I'm continuing with my multipart series talking about the "big oil" companies. The first of these articles covered Exxon-Mobil (XOM), and you will find it here

Today we are looking at Chevron-Texaco (CVX), also built from companies that were previously part of the Standard Oil Company. That's going to be a recurring theme in this series because basically every oil company today has roots in Standard Oil.

As before, a breakdown of the basic metrics:

  • Market Cap: $168.12 billion
  • Earnings per share (ttm) $4.61
  • Price/Earnings Ratio: 19.39
  • Dividend amount annual $4.28
  • Dividend Yield: 4.95%
  • 5 year dividends per share growth rate: 8.62%
  • 5 year earnings per share growth rate: 11.40%

At the close of market today, CVX sold for $89.33 per share. Please see the previous article for an explanation of "Earnings per dollar". Here are the numbers to expect sticking with CVX for 5 years:

4.61 (Earnings per share) / 89.33 (Dollars per share cost) = .0516 or 5.16 cents earned per dollar invested in the company.
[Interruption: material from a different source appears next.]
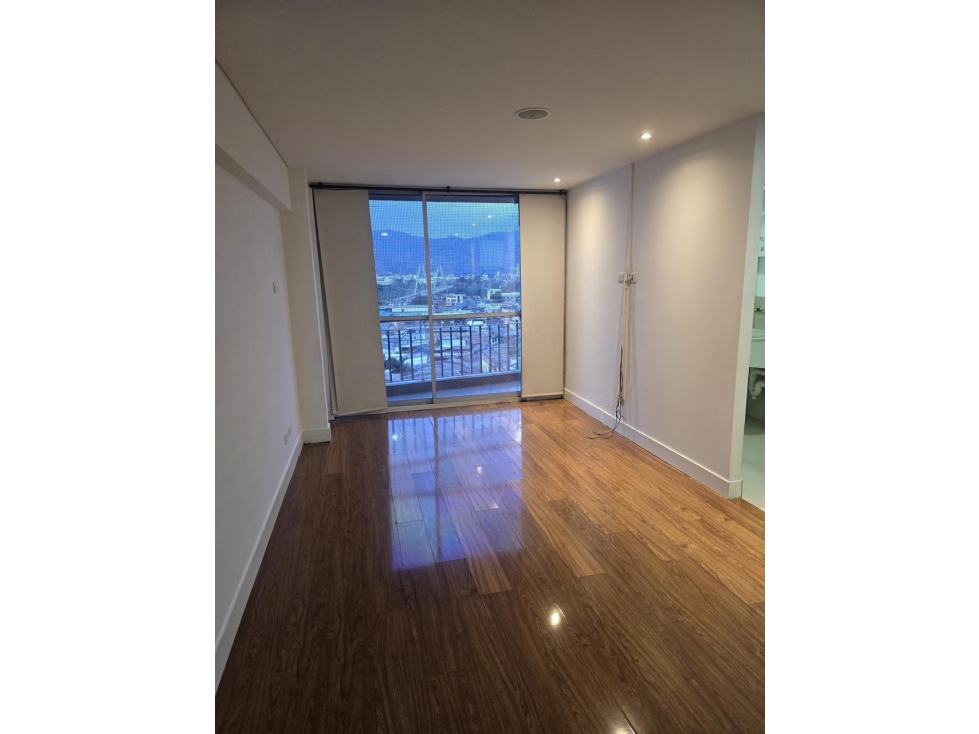 APARTAMENTO EN VENTA, CIRCUNVALAR PISO 9, BALCÓN Y PARQUEADERO — foto 3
4.28 (Dividends per share) / 89.33 = 0.479, or 4.79 cents in dividends per dollar invested,.

5.16 * 1.1140 compounded 5 times = $.0885 in earnings

4.79* 1.0862 compounded 5 times = $.0724 in dividends

So what an investor might expect to earn for each dollar invested after 5 years is:

71.5% compounded increase in earnings, and a 51% increase in dividends. The sum of those percentages, divided in half is 61.25% economic earnings growth. 

Something important I forgot to mention in the last post:

The reason I split the growth in dividends and EPS is that companies pay their dividends out of earnings. So when earnings are good, the dividend grows faster, and when they are poor, the payments grow slower. Splitting the percentages in half is a good way to not put too much emphasis on one over the other. I know far too many dividend growth investors who are attracted to high yields alone, and do not pay attention to this. 

Your 5 year estimated growth in this investment, all else equal and consistent, should be to $144.04 per share. I use today's P/E multiple when determining the futuer EE per share. $144.04 / 19.39 = $7.429. 

In a bear market at 10x EE your low estimate is $74.29 per share, and in a bullish market at 25x EE you get $185.71. Just as before, the longer you hold your shares, the more likely you are to get closer to the higher number. If you are at the low number in 5 years, just remember that there is always another bull market around the corner. 

So now you are able to see how to make a relative valuation against other companies in the same business. The future growth potential of Chevron seems less attractive compared to Exxon-Mobil, even with the higher current yield. If I were going to tell you to buy one or the other today, it's probably going to push me towards XOM.